The history of the town of Kruszwica

The earliest tracks of the settlement in the area of Kruszwica date back to the period called the final Paleolithic (11,000 BC to 8,000 BC). They were left by the first hunters, so called reindeer hunters!
Fertile soil and natural resources (underground salt water) as well as the lake rich in fish and the crossing of some routes (from Wielkopolska, or Greater Poland to Rus and the Amber Road, which was mentioned by Etruscans in the 2nd century BC) created favourable conditions for settlement in this area. Lake Goplo made the travelling easier as it was a part of the waterway from the Warta river to the Vistula river. In the 10th and 11th centuries, the town was a residence of the Polish kings and dukes.

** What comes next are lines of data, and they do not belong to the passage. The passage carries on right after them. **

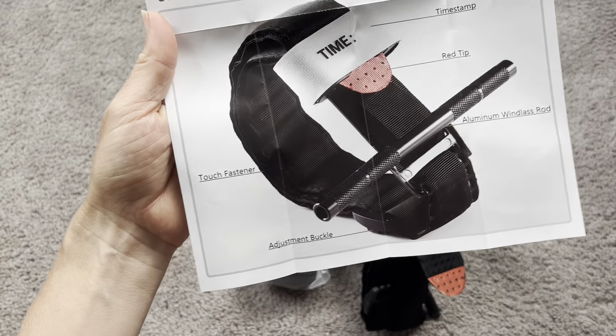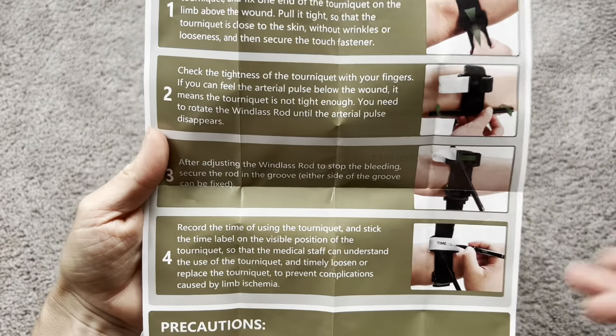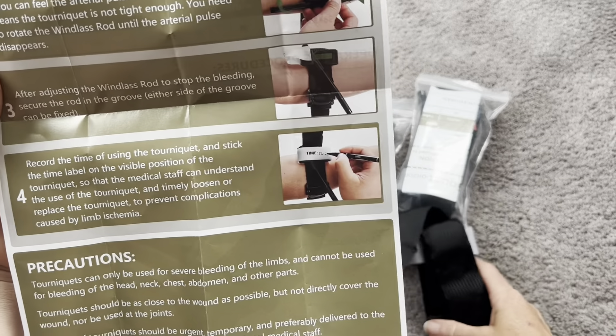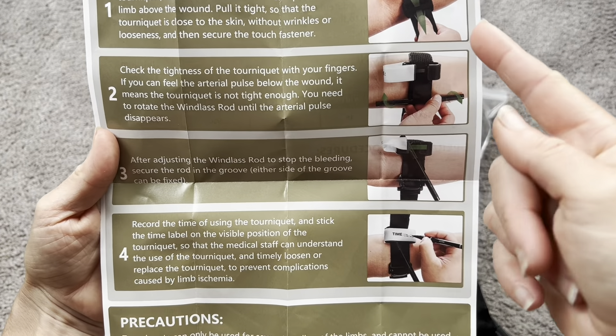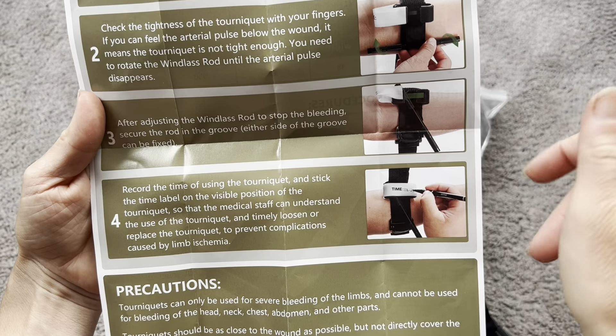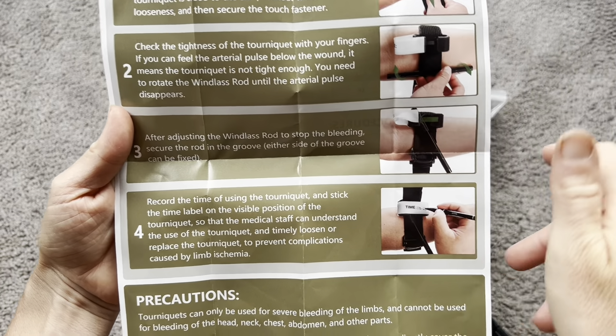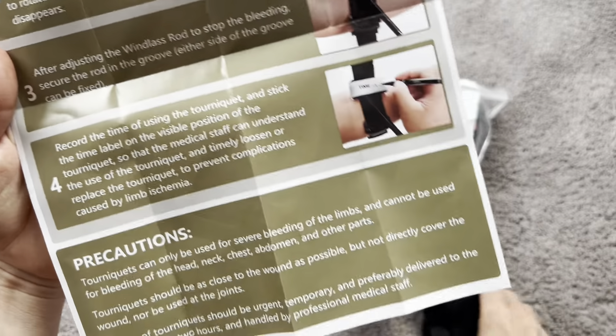They're very simple to use and have a few great features. It does show you exact directions on how to use these, so you want to go over this when you first get them so that you know how to use them in an emergency. All you're going to do is pull it tight and twist this windlass rod, which is going to really tighten the tourniquet and completely stop the bleeding. You turn that until the bleeding stops, and I love that it has a time stamp so you can write down exactly when the tourniquet was applied.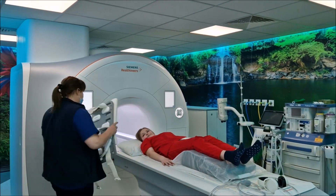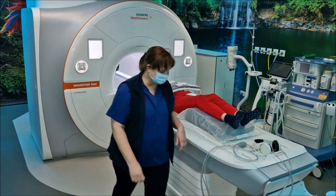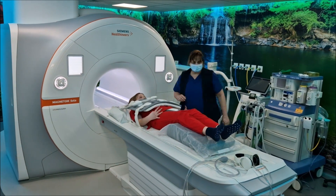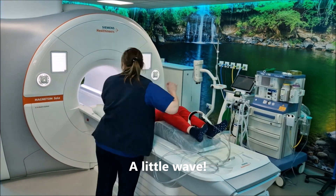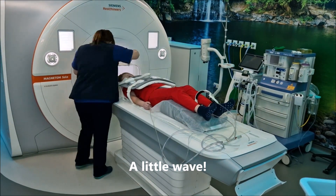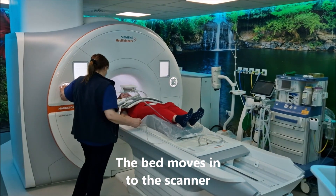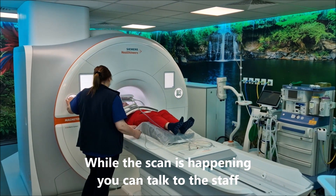After we've done that, we'll put the blanket on, which is the camera so we can take the pictures of your heart. You'll also get a little buzzer in your hand — if you want to talk to us during the scan you can give that a buzz. And then we'll put the headphones on because the MRI scanner can be really noisy, as noisy as somebody drilling up the road next to you. And then we'll put the mirror on so you can actually see the movie.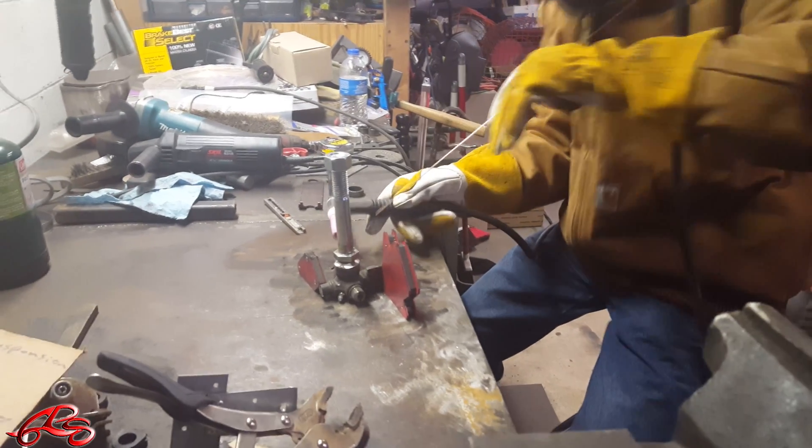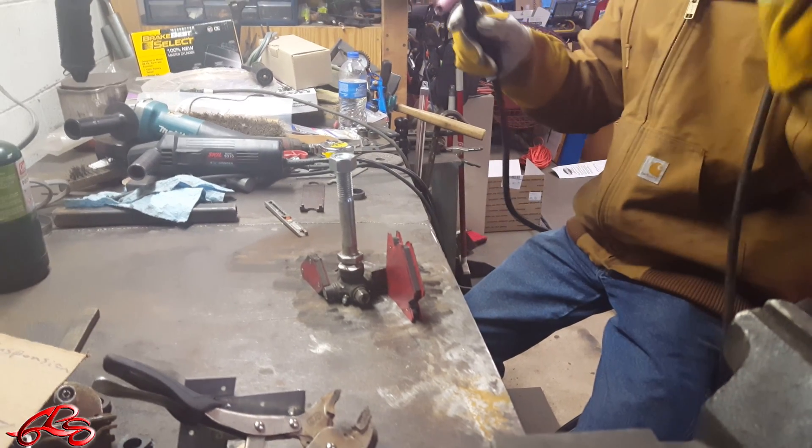All right, so we're going to be tacking on the bolt to the U-joint. Maybe.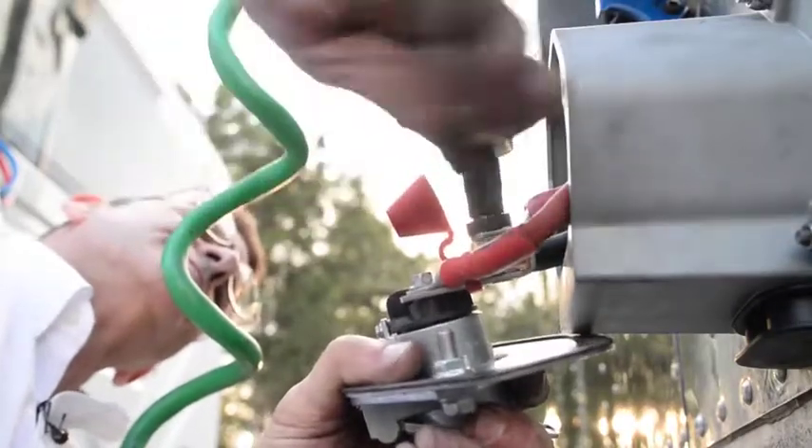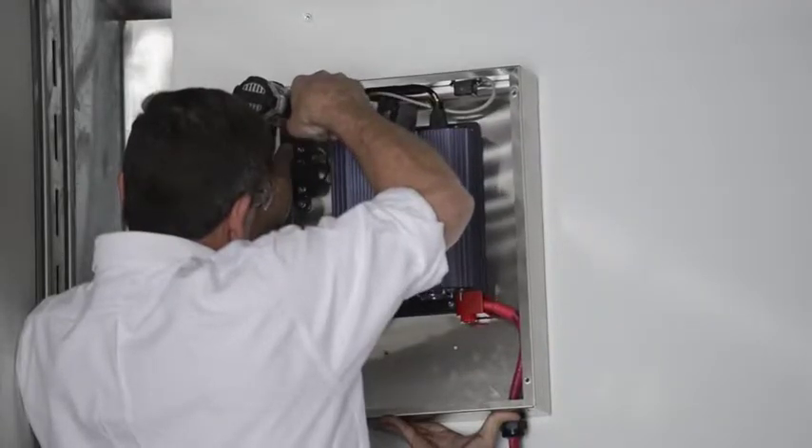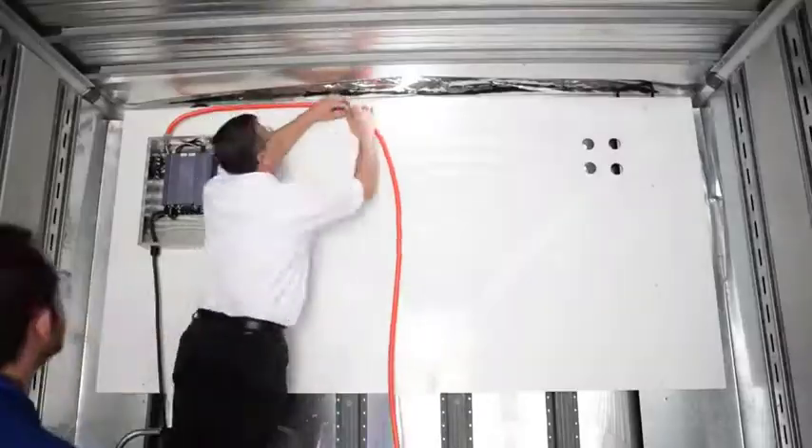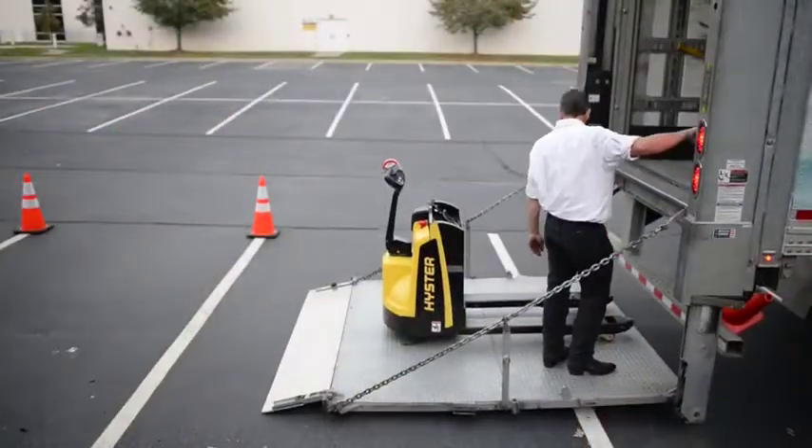The TAPS system works by drawing power from the tractor while it's running, through a dual pull stinger cord to an inverter located in the front of the trailer. From there, the inverter converts 12 volt DC into 110 volt AC, which is routed to the back of the trailer where the pallet jack can be plugged in and charged while going down the road.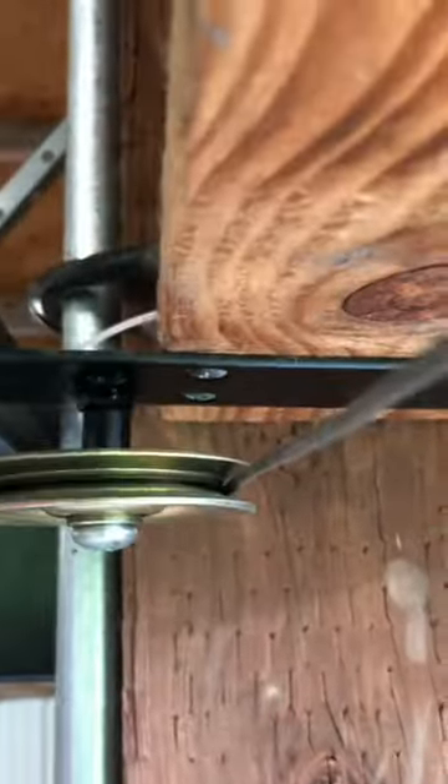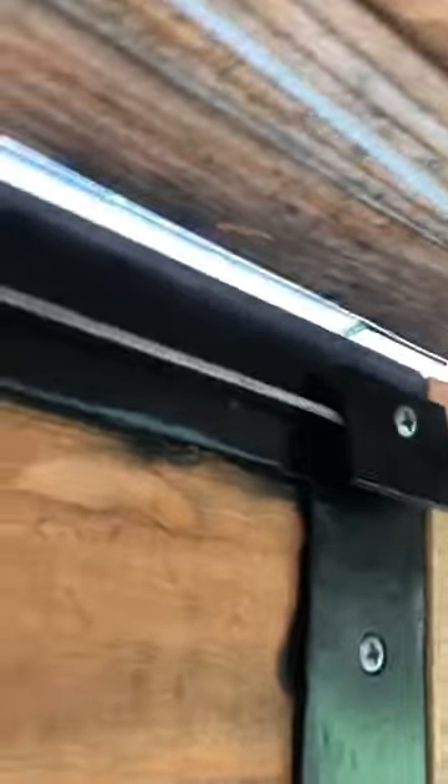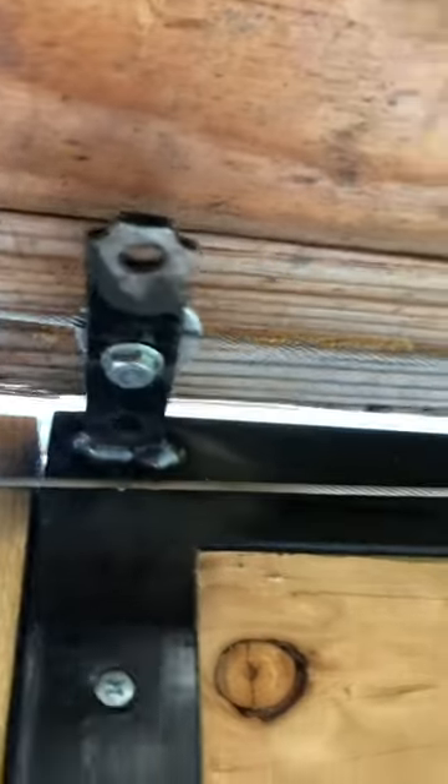We've got a couple of pulleys from Amazon. Got to mount the cable to the door — just screw in a couple of washers to pinch it here, and a bracket to bring the cable out more aligned with the pulley when it gets to the end.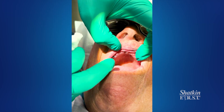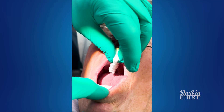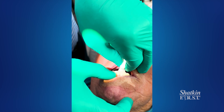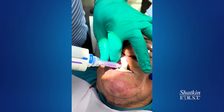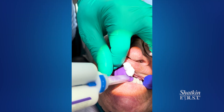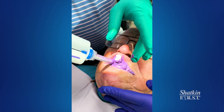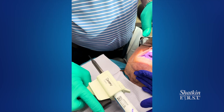Close gently, sir. Close right there and hold it right there for me. Okay, hold it — he's moving a little open. Let's try again. Close together and hold it right there. Don't move — hold his chin still, please. Hold it together just like that. You can use any registration material you want. This happens to be Regisil 2x — just hold it right there, don't move.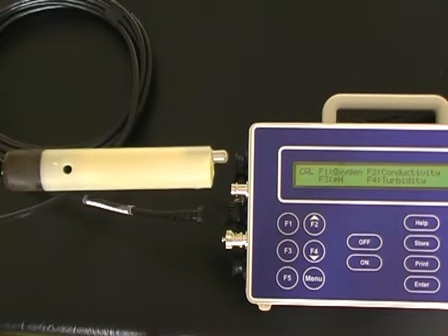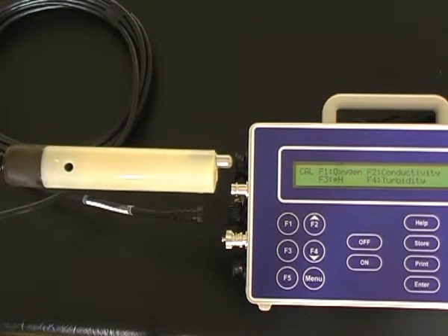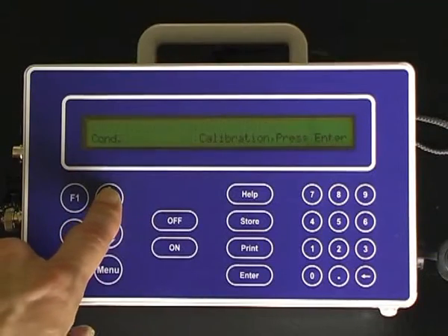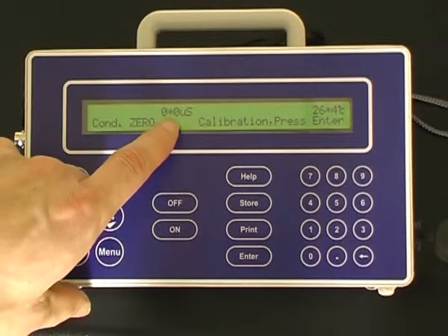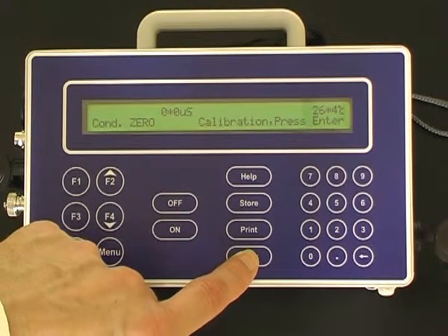The first point calibration of the conductivity sensor is a dry sensor in air, which should measure zero. Press F2 for conductivity. Once the sensor has equilibrated to zero, press the Enter button to calibrate the first conductivity calibration point.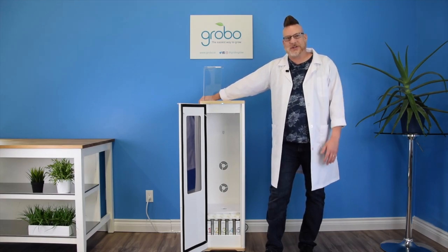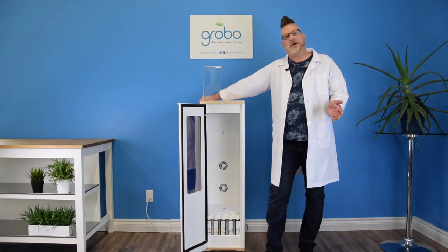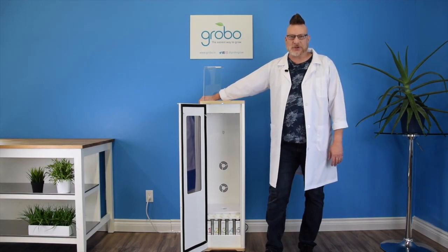Hey growers, I'm Steven. I'm the horticulturalist here at Grobo. Today we're gonna do a quick video to explain how to install your water level sensor shield.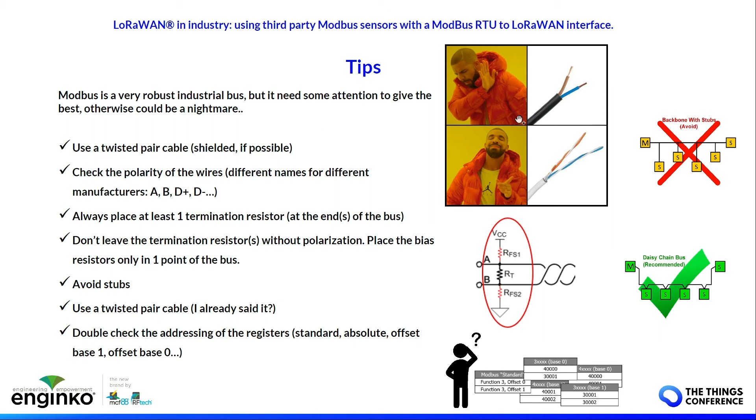Avoid stubs — connect devices as a daisy-chain bus without stubs. Use twisted pair cable. Double-check the addressing of registers: be aware of the standard absolute offset, base-one, and base-two addressing differences. These are the main issues you can encounter when using a Modbus master.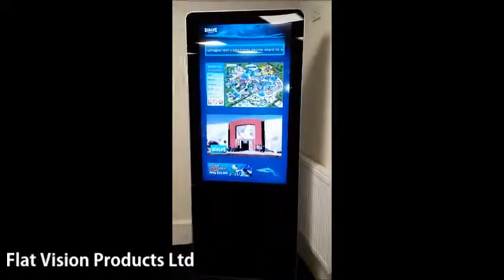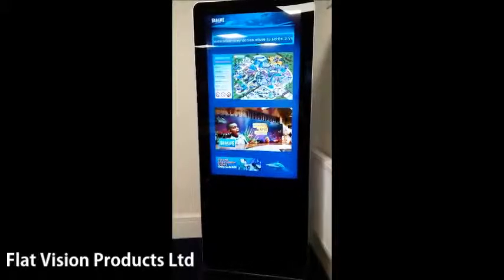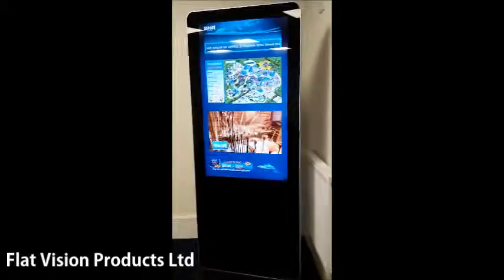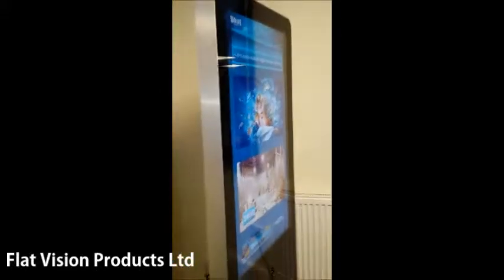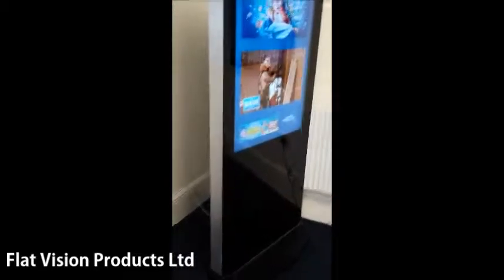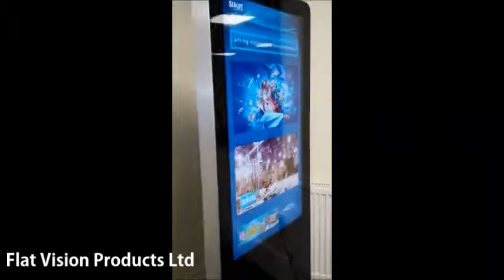This is Flat Vision's freestanding Crystal Vision podium — a 46-inch screen in one of their housings. These can be configured with touch capability, and the built-in media player runs Android, which is the new option they're moving to. You can have live web feeds and easily connect it to the internet, as demonstrated here via LAN — and away you go.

The town was built in late 970s as sedes regnii principales, that is, one of the few princely residences belonging to the early Piast dynasty. It was an important defensive, economic, administrative and church centre at the early Piast dynasty times. The town was destroyed during the dynastic fights at the end of the 11th century, however, because of the importance of this part of Kuyavia, it still existed as a non-fortified but thriving early-town. There were a lot of various handicraft workshops and glass making workshops (perhaps the very first in Poland); also, the trade flourished here (especially with the Rus).
In the 11th century, St. Vitus church, the very first stone church was built inside the town walls. Some other residential buildings may also have been built at that time.
The later structure, mentioned among others, by Jan from Czarnkow, a chronicler, was the Mouse Tower, built inside the town walls perhaps in the 13th century (before the time Kruszwica was overtaken by Wladyslaw Lokietek); it was made of stone and it was round at the bottom.